Stored records

━━━

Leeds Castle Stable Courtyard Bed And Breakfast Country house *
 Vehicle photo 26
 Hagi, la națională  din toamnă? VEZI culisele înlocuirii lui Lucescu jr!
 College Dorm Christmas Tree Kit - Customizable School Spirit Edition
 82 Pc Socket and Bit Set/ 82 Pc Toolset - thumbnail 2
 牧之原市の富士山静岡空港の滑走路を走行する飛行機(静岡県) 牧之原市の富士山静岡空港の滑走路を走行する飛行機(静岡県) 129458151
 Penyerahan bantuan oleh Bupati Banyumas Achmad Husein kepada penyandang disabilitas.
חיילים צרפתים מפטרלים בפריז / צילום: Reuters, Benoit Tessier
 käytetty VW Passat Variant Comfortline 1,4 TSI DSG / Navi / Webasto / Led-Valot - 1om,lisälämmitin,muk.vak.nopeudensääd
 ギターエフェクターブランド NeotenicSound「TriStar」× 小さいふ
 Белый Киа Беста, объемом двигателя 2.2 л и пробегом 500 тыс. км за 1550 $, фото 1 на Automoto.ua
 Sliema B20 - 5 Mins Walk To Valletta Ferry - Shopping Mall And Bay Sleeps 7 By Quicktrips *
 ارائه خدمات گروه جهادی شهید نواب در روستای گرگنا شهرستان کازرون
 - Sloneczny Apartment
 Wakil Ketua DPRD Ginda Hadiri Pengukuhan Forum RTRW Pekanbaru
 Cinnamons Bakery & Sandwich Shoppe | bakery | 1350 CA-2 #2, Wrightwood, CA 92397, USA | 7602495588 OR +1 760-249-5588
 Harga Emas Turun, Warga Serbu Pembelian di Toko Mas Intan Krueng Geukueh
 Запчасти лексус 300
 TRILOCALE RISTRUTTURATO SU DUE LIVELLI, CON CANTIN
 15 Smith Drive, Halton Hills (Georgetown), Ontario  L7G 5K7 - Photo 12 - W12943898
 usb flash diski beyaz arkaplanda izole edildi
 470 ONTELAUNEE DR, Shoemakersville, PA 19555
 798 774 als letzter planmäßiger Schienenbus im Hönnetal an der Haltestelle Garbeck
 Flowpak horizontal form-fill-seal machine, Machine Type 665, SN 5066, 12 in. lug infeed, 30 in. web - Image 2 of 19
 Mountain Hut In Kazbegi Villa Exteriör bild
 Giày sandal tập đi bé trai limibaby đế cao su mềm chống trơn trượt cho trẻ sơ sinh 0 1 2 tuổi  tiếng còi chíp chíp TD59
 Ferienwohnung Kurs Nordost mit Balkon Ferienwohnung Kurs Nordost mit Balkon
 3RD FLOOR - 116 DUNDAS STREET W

━━━

▸ **Directions**:
Retype the records in full. Keep every line identical to the original.

▸ **Solution to the problem**:
Leeds Castle Stable Courtyard Bed And Breakfast Country house *
 Vehicle photo 26
 Hagi, la națională  din toamnă? VEZI culisele înlocuirii lui Lucescu jr!
 College Dorm Christmas Tree Kit - Customizable School Spirit Edition
 82 Pc Socket and Bit Set/ 82 Pc Toolset - thumbnail 2
 牧之原市の富士山静岡空港の滑走路を走行する飛行機(静岡県) 牧之原市の富士山静岡空港の滑走路を走行する飛行機(静岡県) 129458151
 Penyerahan bantuan oleh Bupati Banyumas Achmad Husein kepada penyandang disabilitas.
חיילים צרפתים מפטרלים בפריז / צילום: Reuters, Benoit Tessier
 käytetty VW Passat Variant Comfortline 1,4 TSI DSG / Navi / Webasto / Led-Valot - 1om,lisälämmitin,muk.vak.nopeudensääd
 ギターエフェクターブランド NeotenicSound「TriStar」× 小さいふ
 Белый Киа Беста, объемом двигателя 2.2 л и пробегом 500 тыс. км за 1550 $, фото 1 на Automoto.ua
 Sliema B20 - 5 Mins Walk To Valletta Ferry - Shopping Mall And Bay Sleeps 7 By Quicktrips *
 ارائه خدمات گروه جهادی شهید نواب در روستای گرگنا شهرستان کازرون
 - Sloneczny Apartment
 Wakil Ketua DPRD Ginda Hadiri Pengukuhan Forum RTRW Pekanbaru
 Cinnamons Bakery & Sandwich Shoppe | bakery | 1350 CA-2 #2, Wrightwood, CA 92397, USA | 7602495588 OR +1 760-249-5588
 Harga Emas Turun, Warga Serbu Pembelian di Toko Mas Intan Krueng Geukueh
 Запчасти лексус 300
 TRILOCALE RISTRUTTURATO SU DUE LIVELLI, CON CANTIN
 15 Smith Drive, Halton Hills (Georgetown), Ontario  L7G 5K7 - Photo 12 - W12943898
 usb flash diski beyaz arkaplanda izole edildi
 470 ONTELAUNEE DR, Shoemakersville, PA 19555
 798 774 als letzter planmäßiger Schienenbus im Hönnetal an der Haltestelle Garbeck
 Flowpak horizontal form-fill-seal machine, Machine Type 665, SN 5066, 12 in. lug infeed, 30 in. web - Image 2 of 19
 Mountain Hut In Kazbegi Villa Exteriör bild
 Giày sandal tập đi bé trai limibaby đế cao su mềm chống trơn trượt cho trẻ sơ sinh 0 1 2 tuổi  tiếng còi chíp chíp TD59
 Ferienwohnung Kurs Nordost mit Balkon Ferienwohnung Kurs Nordost mit Balkon
 3RD FLOOR - 116 DUNDAS STREET W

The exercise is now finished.